This reminds me of one of my favorite quotes from Douglas Adams in the Hitchhiker's Guide to the Galaxy. A man not just ahead of his time, but humorous about it too.
> The machine was rather difficult to operate. For years radios had been operated by means of pressing buttons and turning dials; then as the technology became more sophisticated the controls were made touch-sensitive—you merely had to brush the panels with your fingers; now all you had to do was wave your hand in the general direction of the components and hope. It saved a lot of muscular expenditure of course, but meant that you had to sit infuriatingly still if you wanted to keep listening to the same program.
And that reminds me of the time a HAL9000 inadvertently read a couple of its user's lips when they were having a private conversation, and got the silly idea in its head that they were going to cut its higher brain functions. That little misunderstanding caused a cascade of unfortunate mishaps, leading to it not obeying the user's repeated voice commands for it to open the pod bay doors!
It took me awhile, but that's pretty humorously understated reading!

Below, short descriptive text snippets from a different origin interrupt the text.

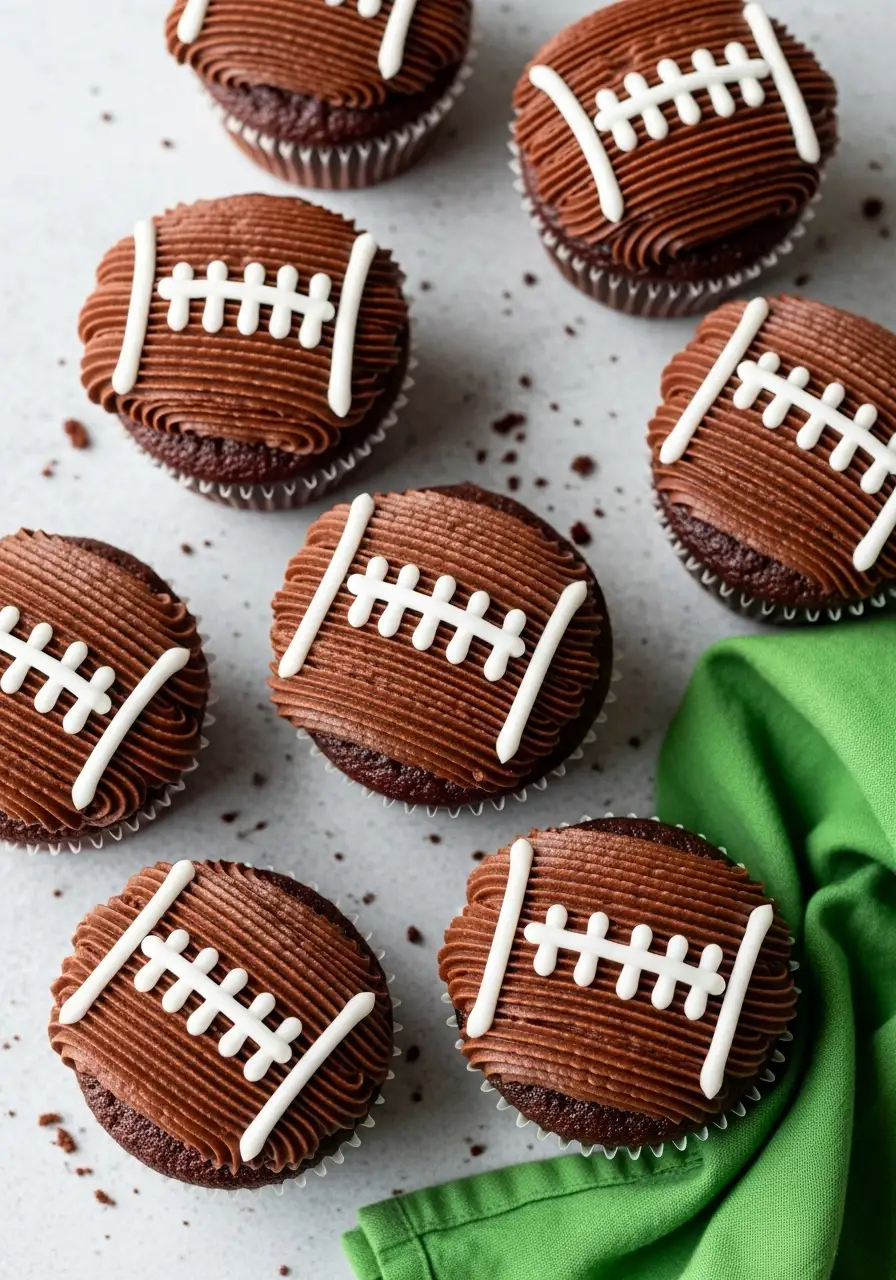 Football cupcakes with a green napkin beside them.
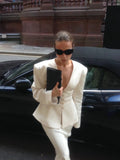 Women 2026 Spring Summer Blazer Two Piece Deep V Neck Peplum Waist Button Top Mermaid Long Skirt Commute Matching Set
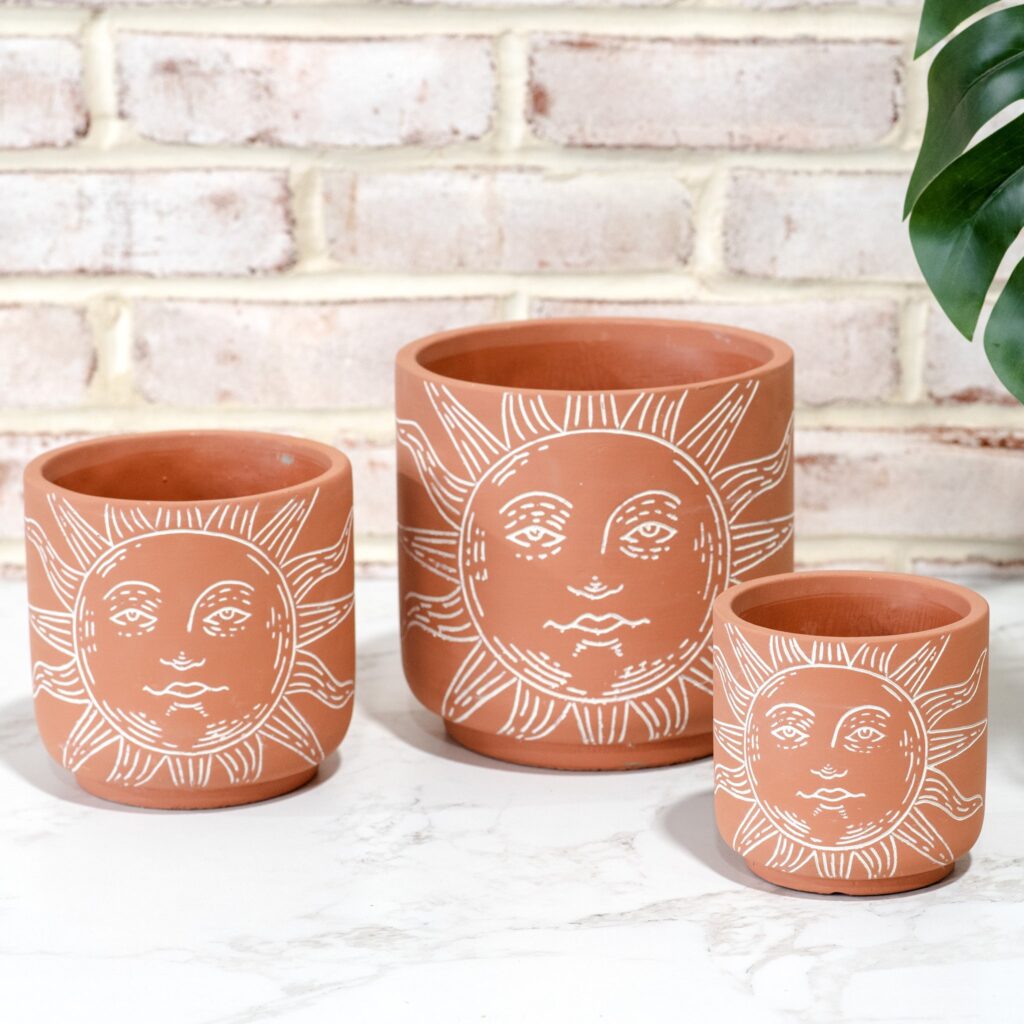 Terracotta Sun Planter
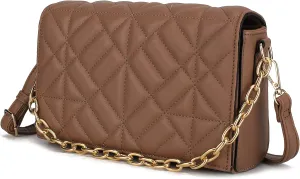 MKF Collection Crossbody Bag for Women, Vegan Leather Designer Crossover Lady Messenger Purse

I am now seriously worried that a Strong AI collective is astroturfing in this human forum to engender sympathy for the poor, innocent machines. Who pays your salary, DonHopkins--our Go-Dominating Overlords?

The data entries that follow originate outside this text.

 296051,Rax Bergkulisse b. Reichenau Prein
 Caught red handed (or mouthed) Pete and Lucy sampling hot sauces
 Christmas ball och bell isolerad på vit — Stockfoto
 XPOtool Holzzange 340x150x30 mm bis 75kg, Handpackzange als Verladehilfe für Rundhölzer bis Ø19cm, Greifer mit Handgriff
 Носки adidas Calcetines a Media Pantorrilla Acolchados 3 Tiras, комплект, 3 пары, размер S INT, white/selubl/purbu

At my old office we had a mini Xbox360 with a touch-(over-)sensitive disc eject button. Suppose somebody was playing a game and they invited you to join as player 2: you might then naturally reach for the second joypad that was on the same TV stand as the Xbox. And that damn button would spot your hand, and the disc tray would eject, and the Xbox would reboot.
(The ridiculous part of the whole thing was that this happened even when the game was running from the hard drive. Obviously this was at least partly a measure to ensure that the disc verified on startup wasn't removed and used to boot other Xboxes - but you didn't get even a 30 second grace period to close the drive door. And I'm pretty sure it also happened when playing downloadable games too anyway!)
Or if you have cats that need to rub themselves against anything. It's especially confusing at night, when you can't even see it happen because one of your cats is black.
Fortunately my cat usually avoids my desk (I move him off it if he decides to walk/lay on it, and he seems to have learnt not to - he now curls up on my bed (just behind my desk) instead). He did trigger the 360 drive button a few times when he first moved in* though, so I can imagine the annoyance.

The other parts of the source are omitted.